[Start of section]

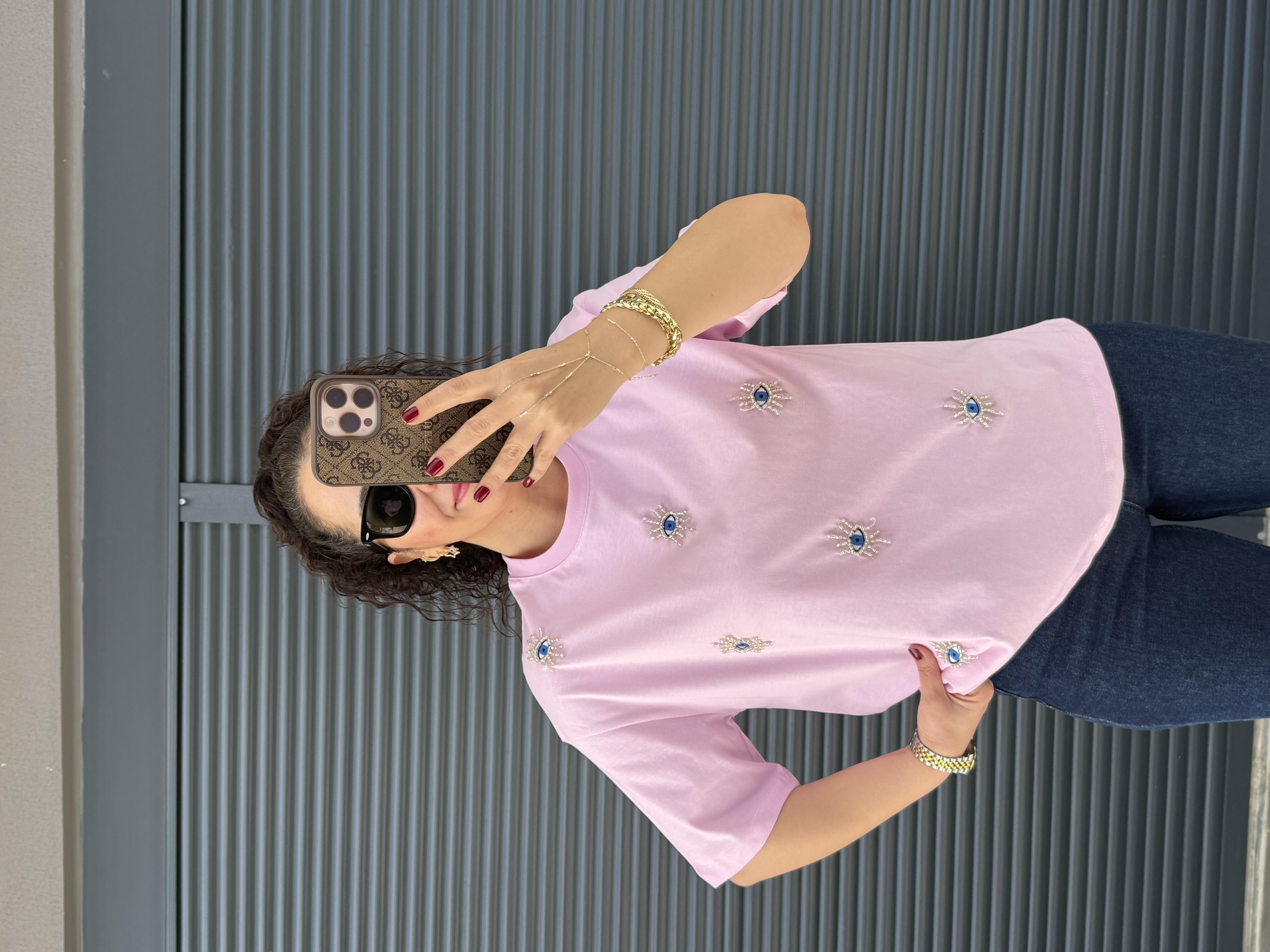 Göz Nakışlı İncili T-Shirt Pembe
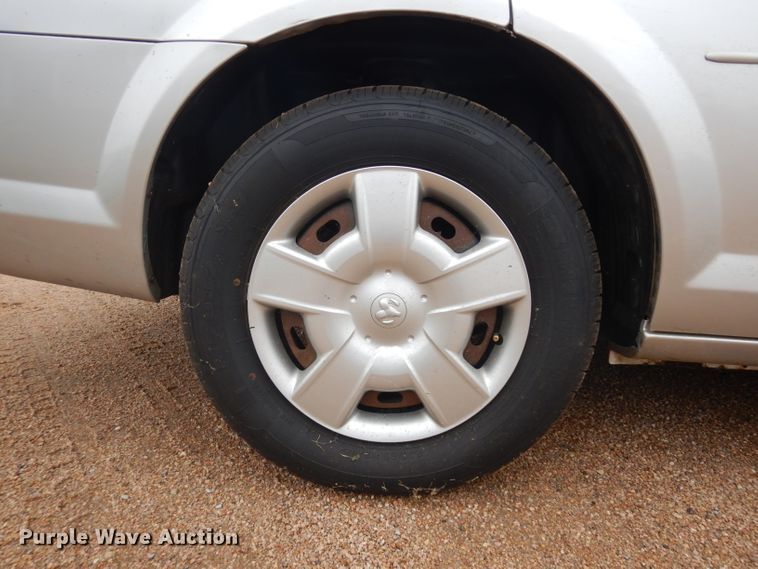 image for item HA9331 2005 Dodge Stratus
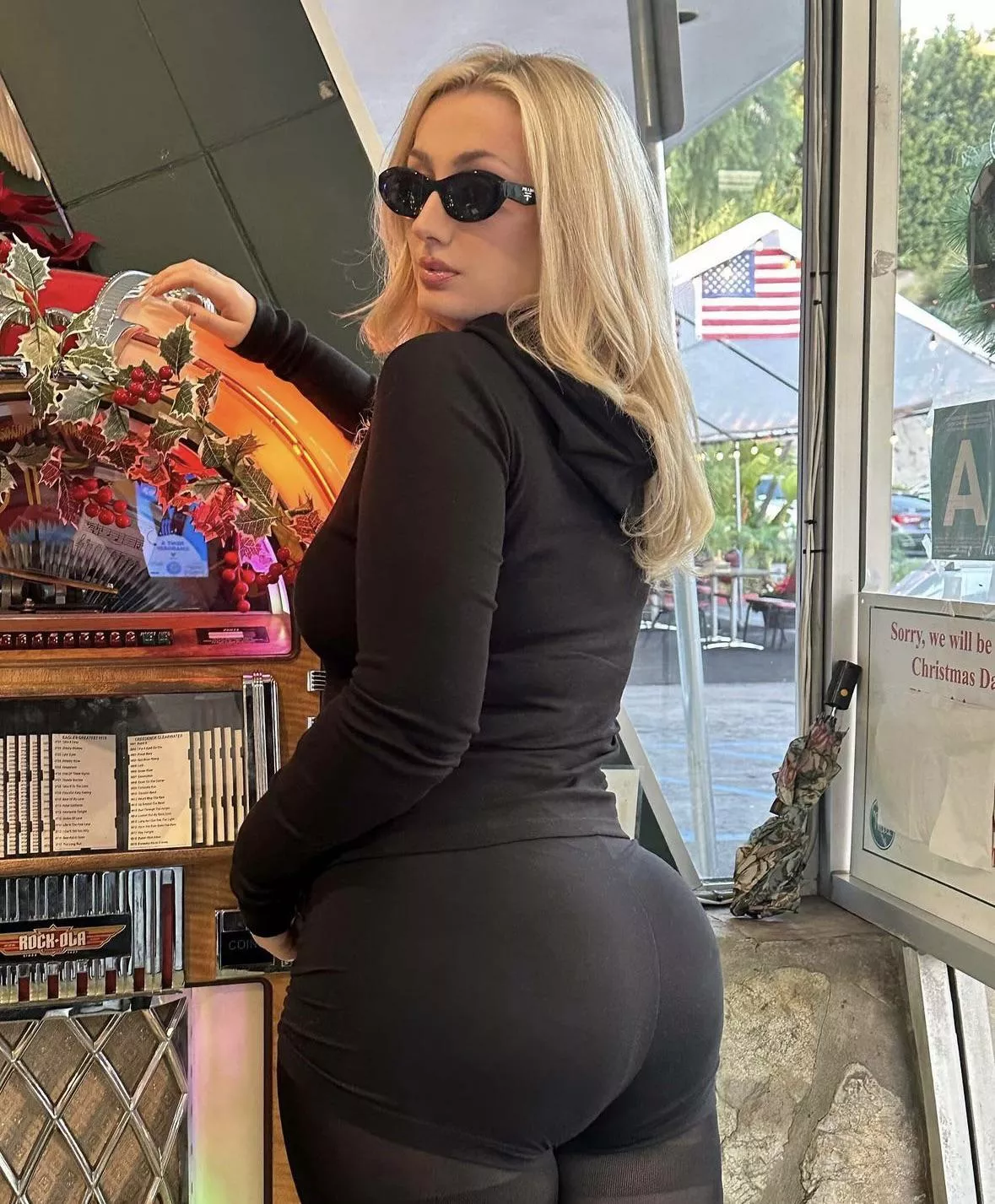 Bubble butt out and about 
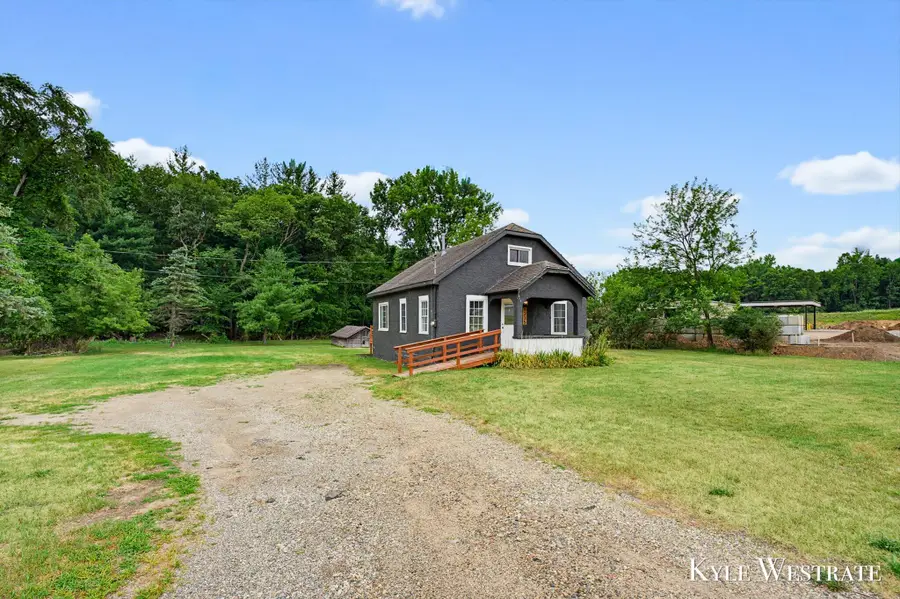 9335 SW Greenville Road, Greenville, MI 48838 - #2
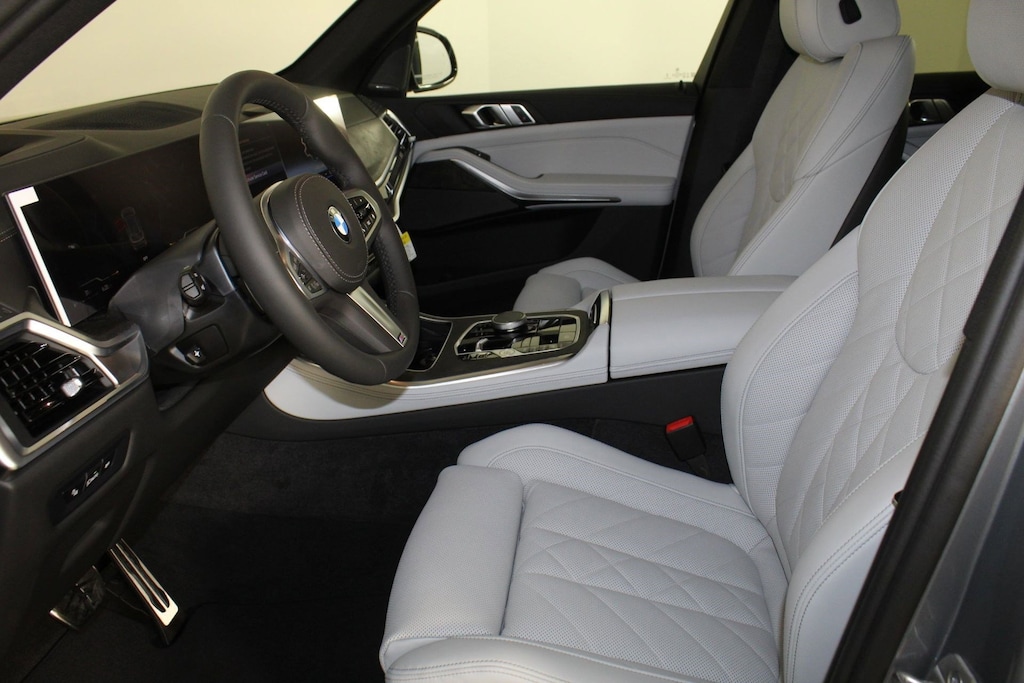 New 2026 BMW X5 xDrive40i SUV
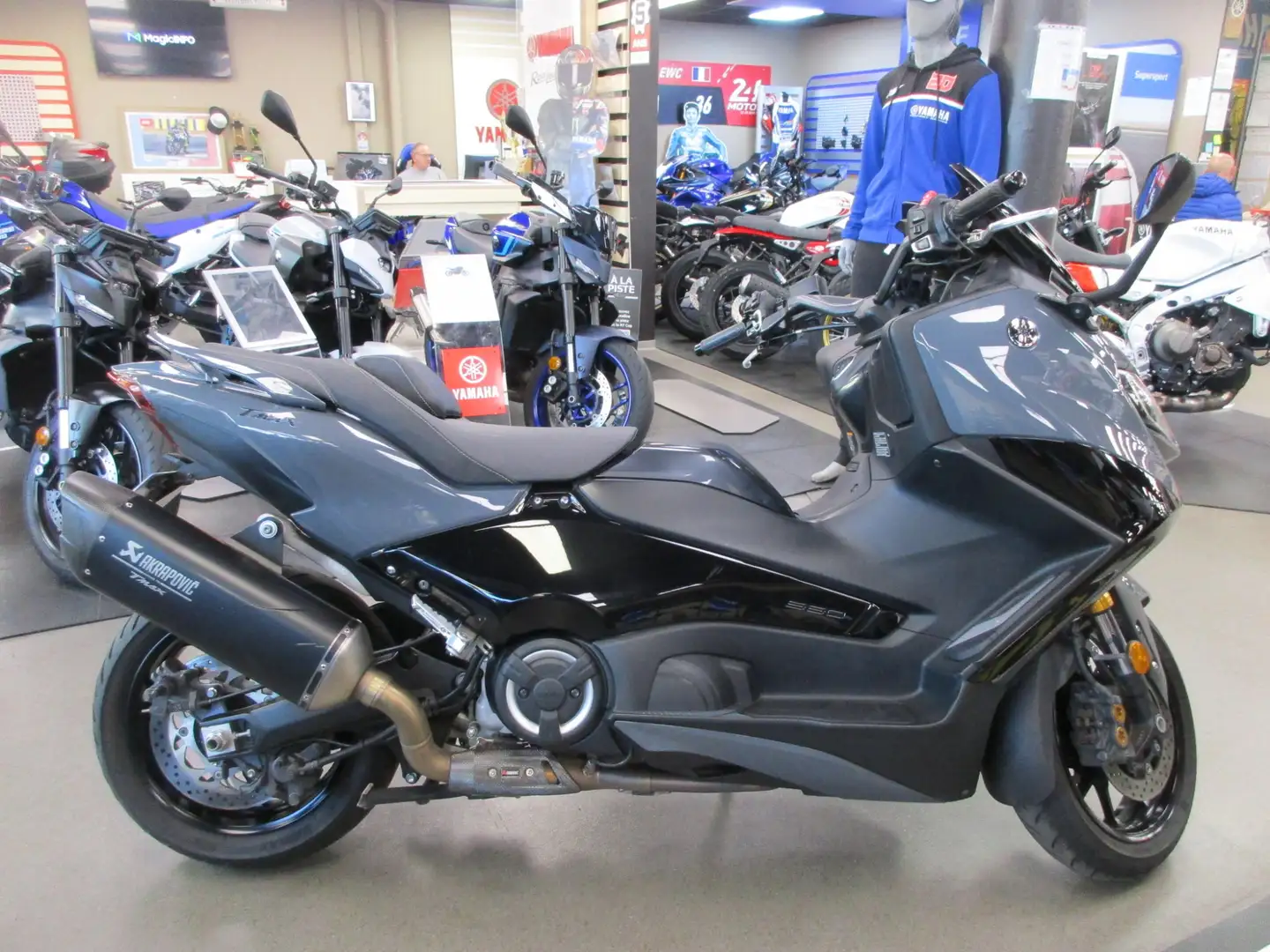 Yamaha TMAX 560 Gris - 1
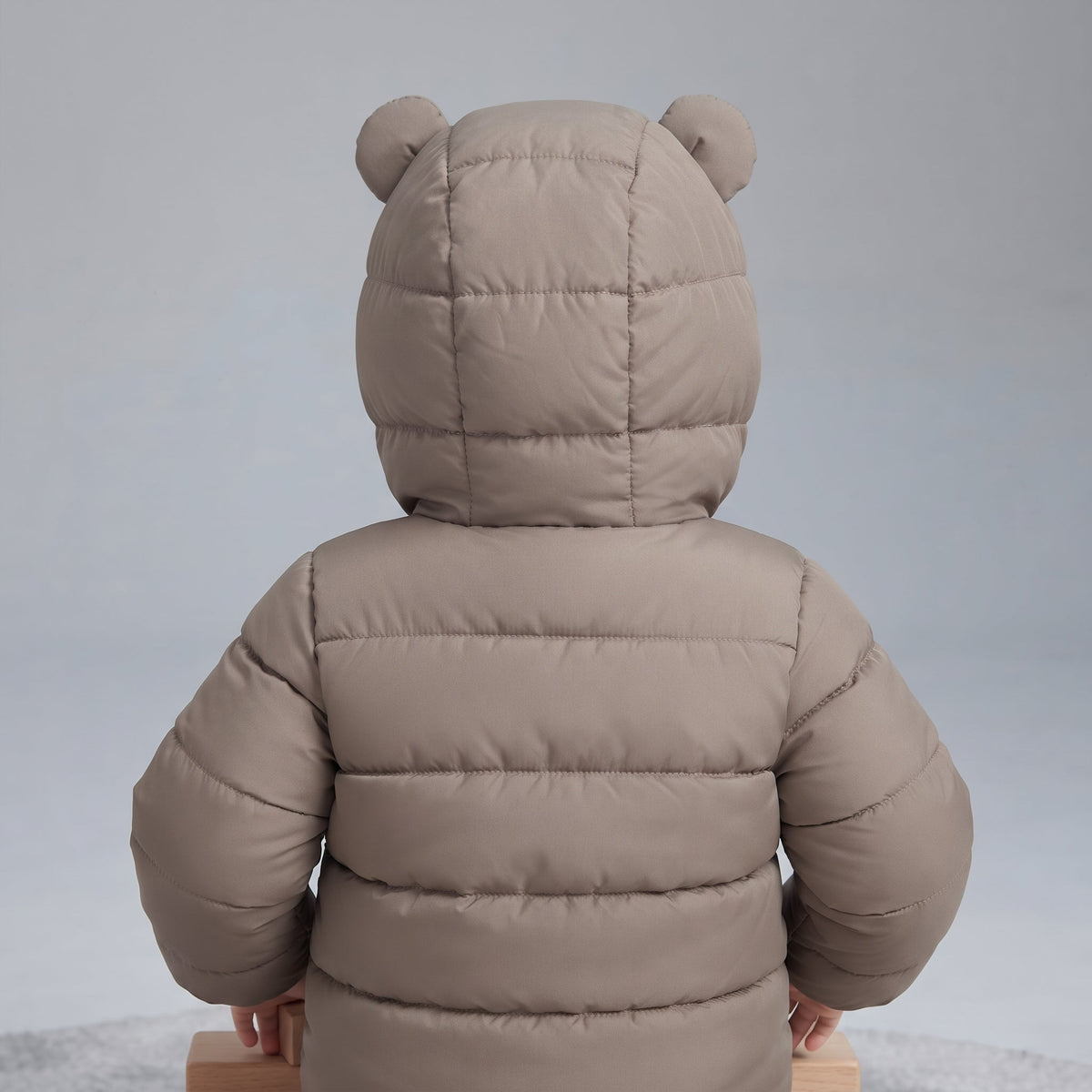 Chaqueta acolchada EmpiBy color topo para bebé con capucha y orejitas de oso, vista trasera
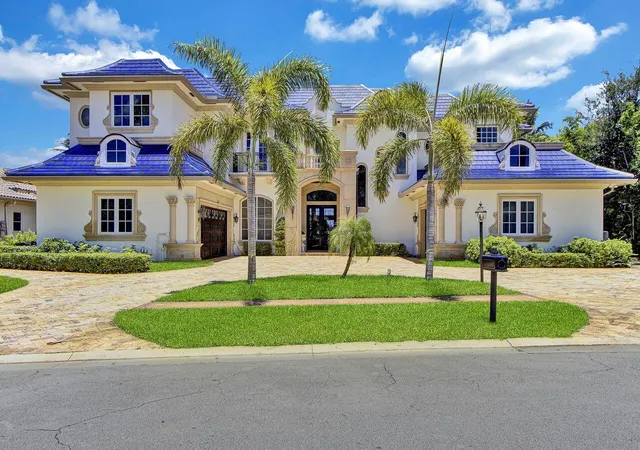 Homes for sale in Boca Raton, FL | 17730 Scarsdale Wy, Boca Raton, FL 33496 | MLS# B26010857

[End of section]

**Problem description**. With pictures left out, print the lines of the material above from the line containing "image for item HA9331 2005 Dodge Stratus" through its last line, exactly and nothing more.

**Solution for this problem**.
 image for item HA9331 2005 Dodge Stratus
 Bubble butt out and about 
 9335 SW Greenville Road, Greenville, MI 48838 - #2
 New 2026 BMW X5 xDrive40i SUV
 Yamaha TMAX 560 Gris - 1
 Chaqueta acolchada EmpiBy color topo para bebé con capucha y orejitas de oso, vista trasera
 Homes for sale in Boca Raton, FL | 17730 Scarsdale Wy, Boca Raton, FL 33496 | MLS# B26010857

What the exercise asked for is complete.